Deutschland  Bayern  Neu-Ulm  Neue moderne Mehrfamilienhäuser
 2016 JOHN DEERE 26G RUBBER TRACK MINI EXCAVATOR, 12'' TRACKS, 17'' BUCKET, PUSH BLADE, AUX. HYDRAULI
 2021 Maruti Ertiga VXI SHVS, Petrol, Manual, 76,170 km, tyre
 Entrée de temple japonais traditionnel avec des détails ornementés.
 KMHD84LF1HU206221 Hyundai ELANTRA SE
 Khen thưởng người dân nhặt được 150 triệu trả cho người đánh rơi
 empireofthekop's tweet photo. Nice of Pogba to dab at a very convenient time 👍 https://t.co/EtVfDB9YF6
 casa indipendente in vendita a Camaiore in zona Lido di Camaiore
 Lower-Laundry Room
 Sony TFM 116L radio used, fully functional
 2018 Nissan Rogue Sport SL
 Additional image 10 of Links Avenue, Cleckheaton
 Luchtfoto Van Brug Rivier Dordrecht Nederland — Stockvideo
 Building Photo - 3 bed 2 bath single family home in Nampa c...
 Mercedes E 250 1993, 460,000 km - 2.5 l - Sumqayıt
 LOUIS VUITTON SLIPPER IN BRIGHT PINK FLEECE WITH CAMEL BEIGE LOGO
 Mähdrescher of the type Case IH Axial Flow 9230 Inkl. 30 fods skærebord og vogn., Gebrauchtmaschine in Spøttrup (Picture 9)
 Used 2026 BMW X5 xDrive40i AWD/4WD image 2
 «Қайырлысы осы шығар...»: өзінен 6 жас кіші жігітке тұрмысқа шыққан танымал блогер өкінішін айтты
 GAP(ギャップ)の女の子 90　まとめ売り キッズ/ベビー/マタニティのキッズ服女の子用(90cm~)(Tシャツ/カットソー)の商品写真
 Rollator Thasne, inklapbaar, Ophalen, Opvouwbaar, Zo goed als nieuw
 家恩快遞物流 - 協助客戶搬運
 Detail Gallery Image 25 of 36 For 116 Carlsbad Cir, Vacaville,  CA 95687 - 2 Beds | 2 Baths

══════════

AIM OF THE TASK:
Copy the lines above exactly. Start with the line containing "Sony TFM 116L radio used, fully functional", end with the line containing "LOUIS VUITTON SLIPPER", and include both.

FINAL ANSWER:
 Sony TFM 116L radio used, fully functional
 2018 Nissan Rogue Sport SL
 Additional image 10 of Links Avenue, Cleckheaton
 Luchtfoto Van Brug Rivier Dordrecht Nederland — Stockvideo
 Building Photo - 3 bed 2 bath single family home in Nampa c...
 Mercedes E 250 1993, 460,000 km - 2.5 l - Sumqayıt
 LOUIS VUITTON SLIPPER IN BRIGHT PINK FLEECE WITH CAMEL BEIGE LOGO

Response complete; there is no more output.